• _TASK DESCRIPTION_: Copy every line of the data exactly, keeping out any picture.

• _MATERIAL PROVIDED_:
-- Opening Marker --
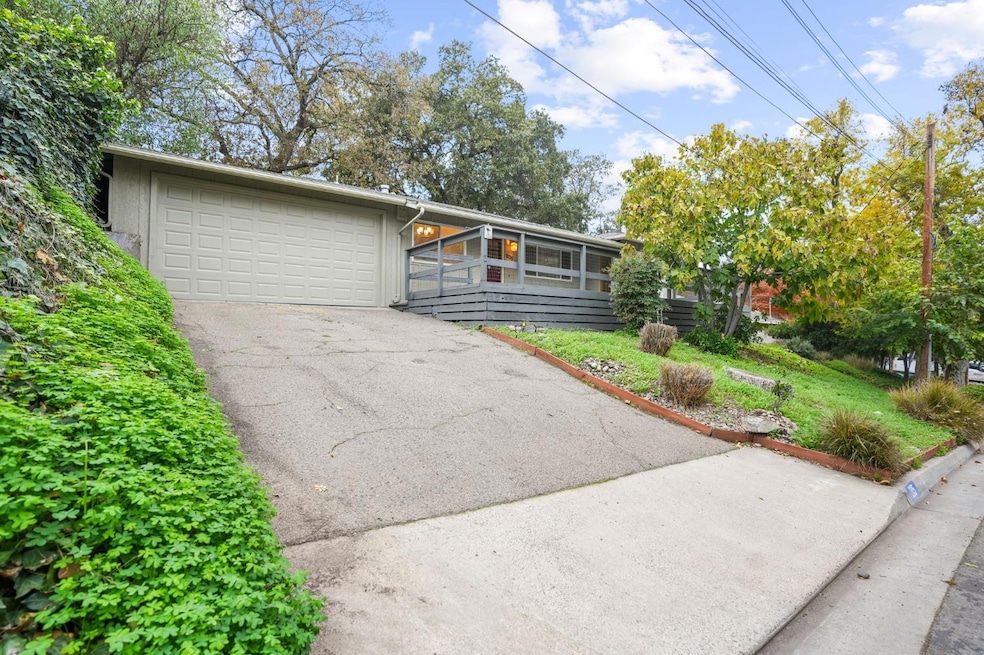 205 Loma Vista Way, Modesto, CA 95354 - photo 1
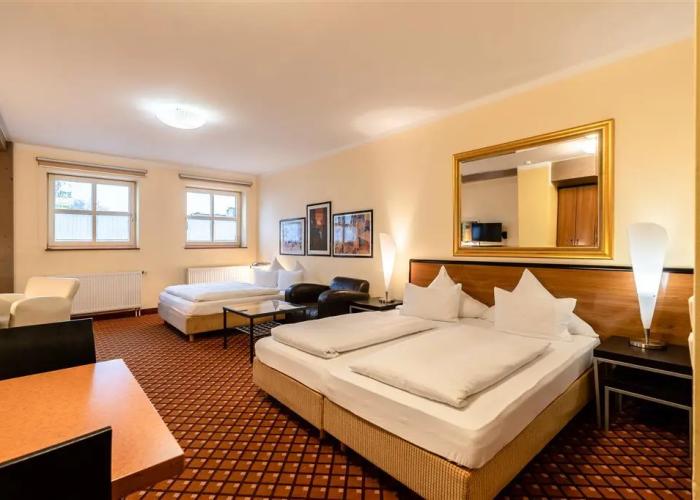 Hotel Sauerlacher Post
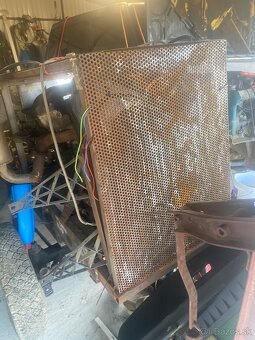 Malo traktor 1.9 sdi 50 kw - 2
-- Closing Marker --
• _SOLUTION FOR THIS TASK_:
 205 Loma Vista Way, Modesto, CA 95354 - photo 1
 Hotel Sauerlacher Post
 Malo traktor 1.9 sdi 50 kw - 2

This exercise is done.